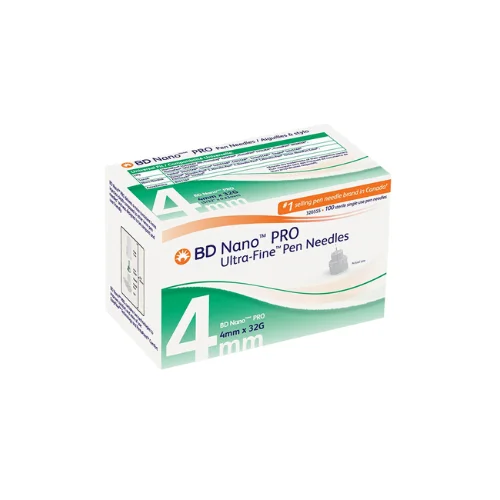 BD Nano Pro Pen Needles Ultrafine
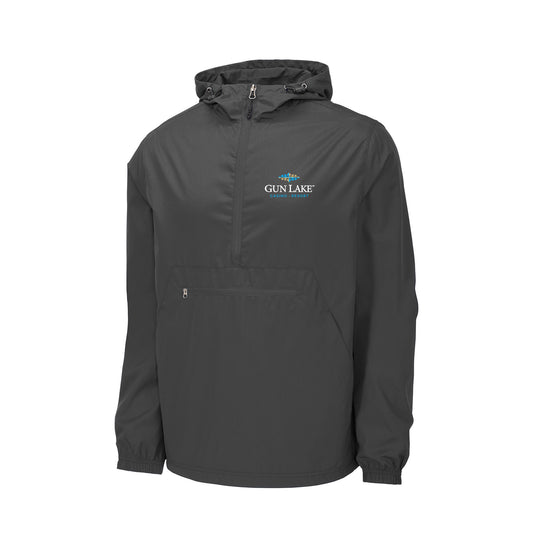 Unisex Sport-Tek Packable Anorak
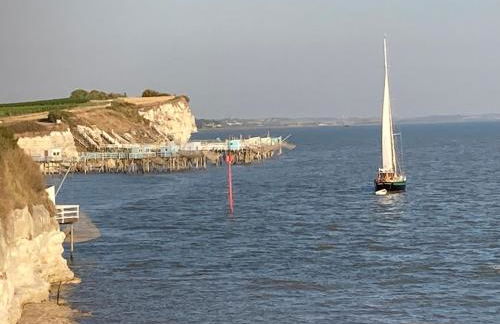 A 2 pas de la plage de la Vallières - Foto 26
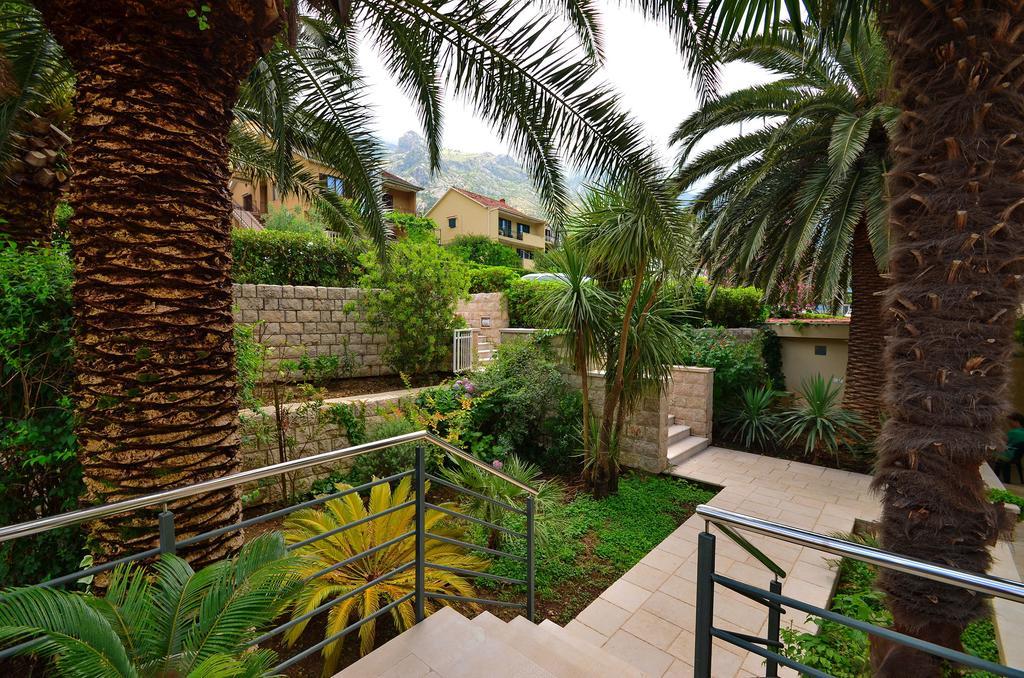 Palma Apartments Kotor Exterior photo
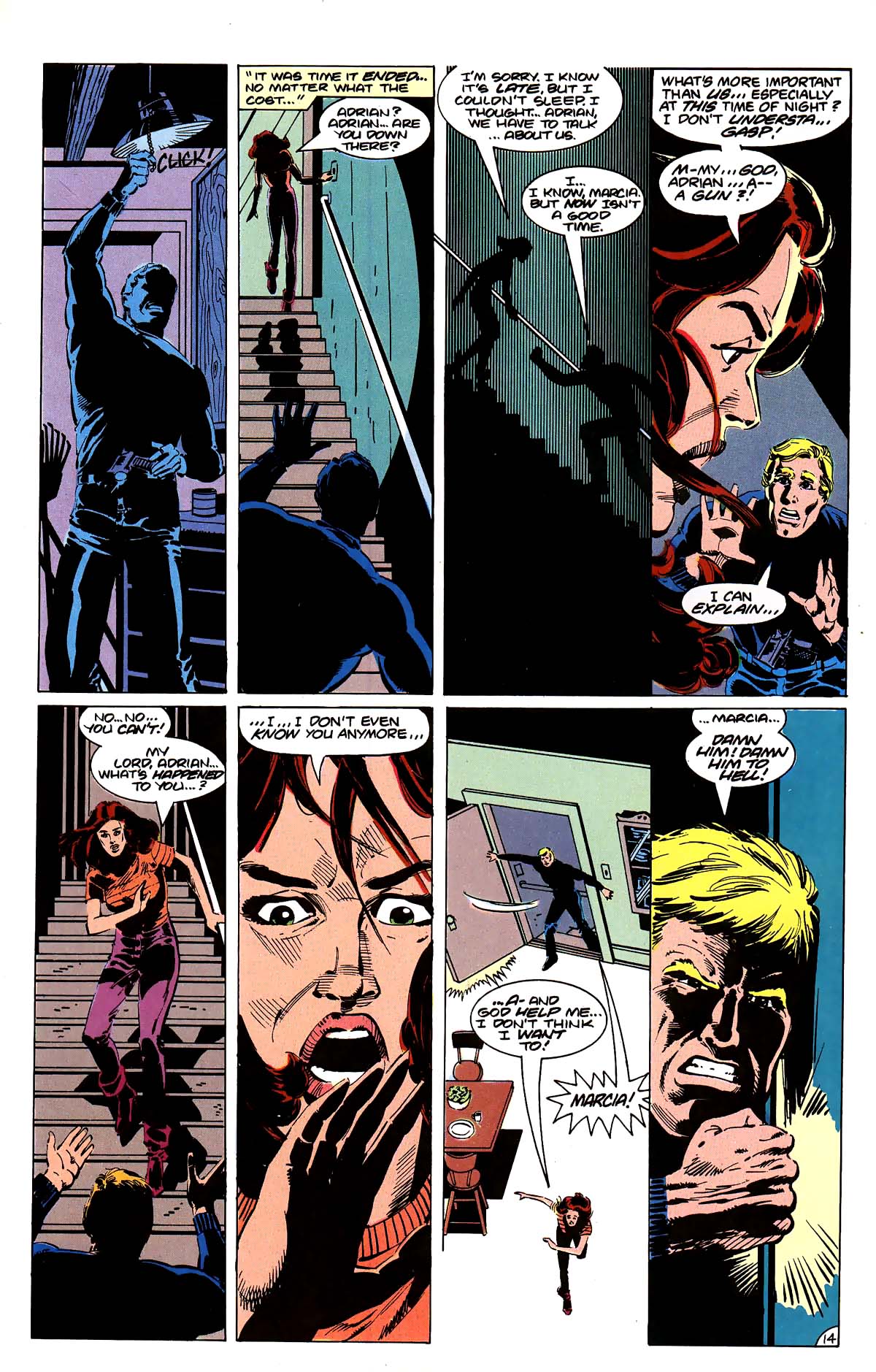 Crisis on Infinite Earths Omnibus (1985): Chapter Crisis-on-Infinite-Earths-18 - Page 15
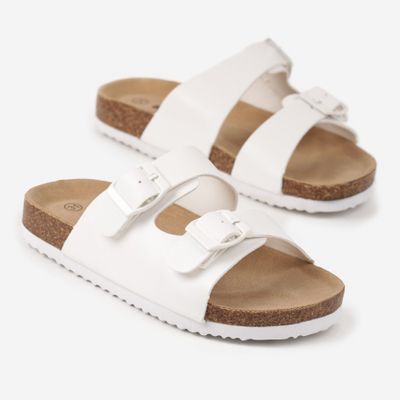 Klapki dziecięce na lato born2be ze sklepu: born2be.pl w kategorii: Klapki dziecięce - zdjęcie 054DCF2-170-2564_395339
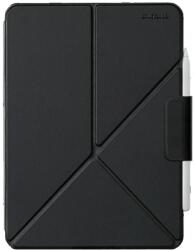 PITAKA iPad 10.9" 10. generáció (2022) / iPad 11" A16 (2025) PITAKA MagEZ Folio 2 tok fekete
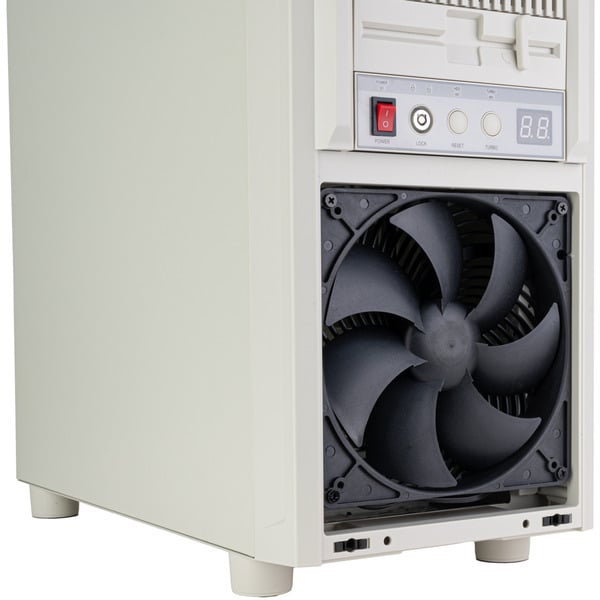 SilverStone SST-FLP03W, Tower-Gehäuse - SilverStone - vue 12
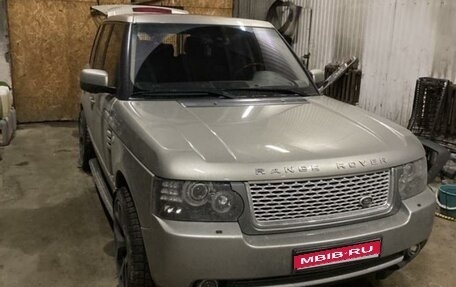 Land Rover Range Rover III, 2011 год, 2 300 000 рублей, 1 фотография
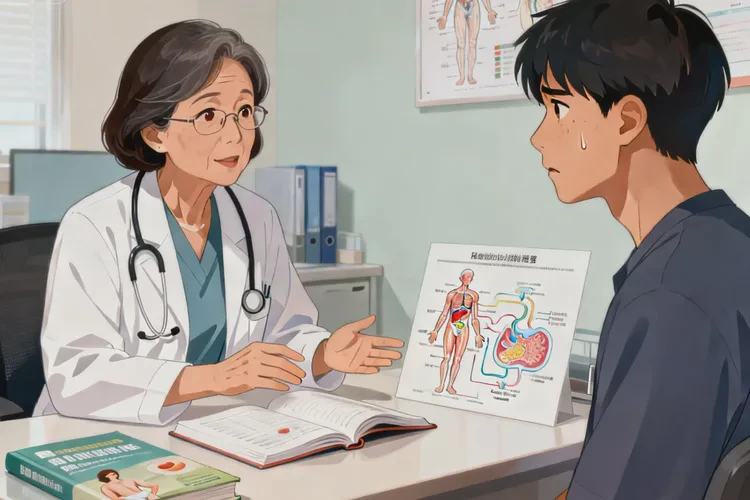 38岁早餐血糖18.1是怎么回事(图1)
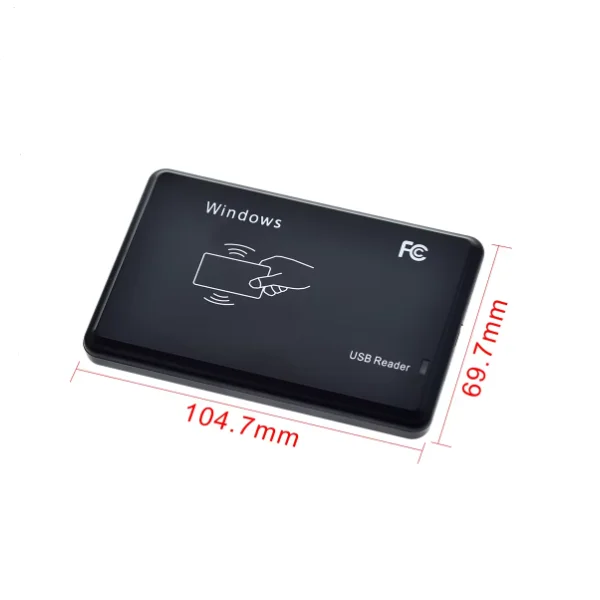 Считыватель ID-карт | USB RFID-считыватель EM серии 4001 125 кГц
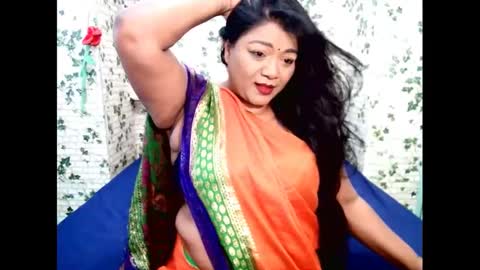 Snapshot of indiandelia chatting on 02-21-25, 06:40 indiandelia online show from 02-21-25, 06:40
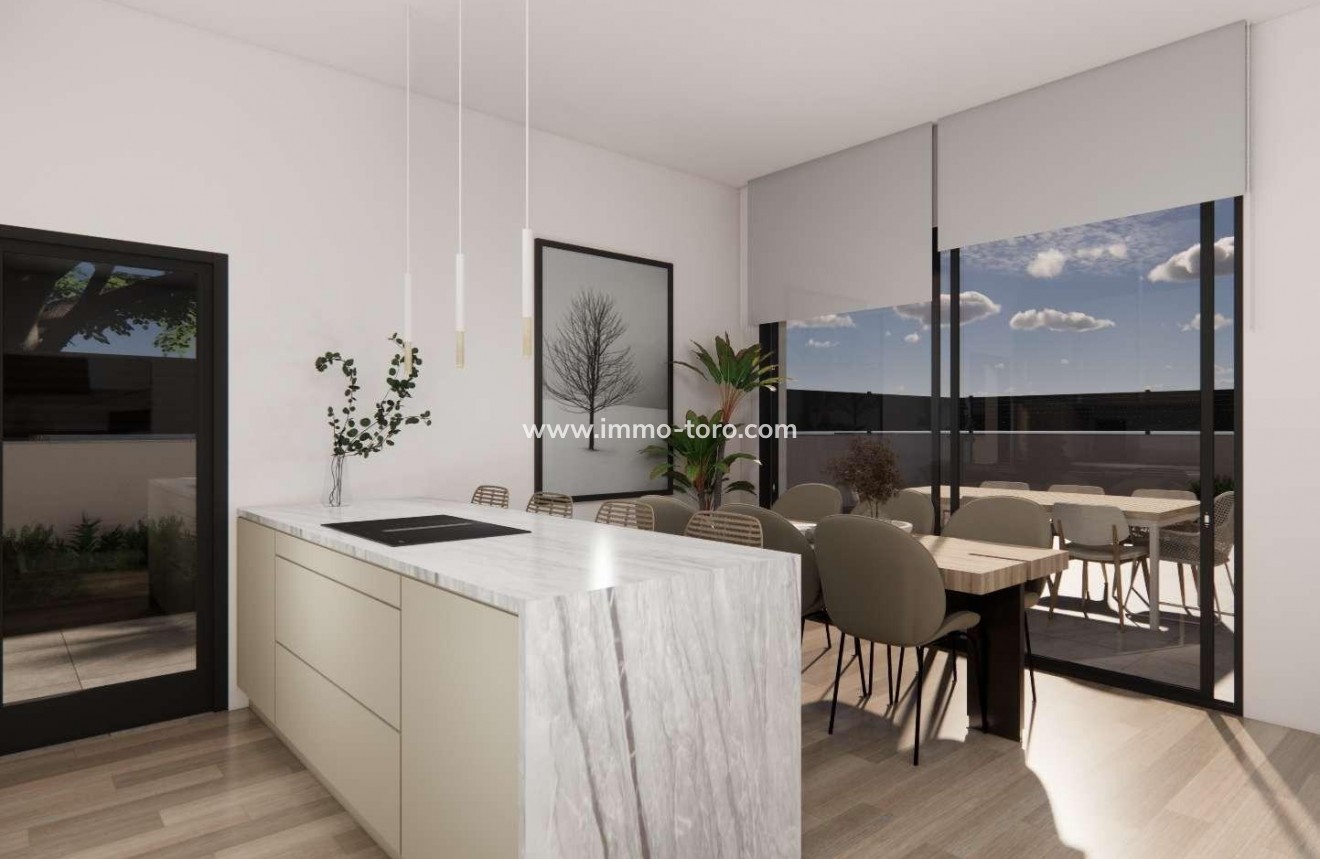 New Build - Villa - Rojales - Ciudad Quesada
+ + + +
§ Problem to work on
Write out all the material above exactly, with no image carried over.

§ Response area
 BD Nano Pro Pen Needles Ultrafine
 Unisex Sport-Tek Packable Anorak
 A 2 pas de la plage de la Vallières - Foto 26
 Palma Apartments Kotor Exterior photo
 Crisis on Infinite Earths Omnibus (1985): Chapter Crisis-on-Infinite-Earths-18 - Page 15
 Klapki dziecięce na lato born2be ze sklepu: born2be.pl w kategorii: Klapki dziecięce - zdjęcie 054DCF2-170-2564_395339
 PITAKA iPad 10.9" 10. generáció (2022) / iPad 11" A16 (2025) PITAKA MagEZ Folio 2 tok fekete
 SilverStone SST-FLP03W, Tower-Gehäuse - SilverStone - vue 12
 Land Rover Range Rover III, 2011 год, 2 300 000 рублей, 1 фотография
 38岁早餐血糖18.1是怎么回事(图1)
 Считыватель ID-карт | USB RFID-считыватель EM серии 4001 125 кГц
 Snapshot of indiandelia chatting on 02-21-25, 06:40 indiandelia online show from 02-21-25, 06:40
 New Build - Villa - Rojales - Ciudad Quesada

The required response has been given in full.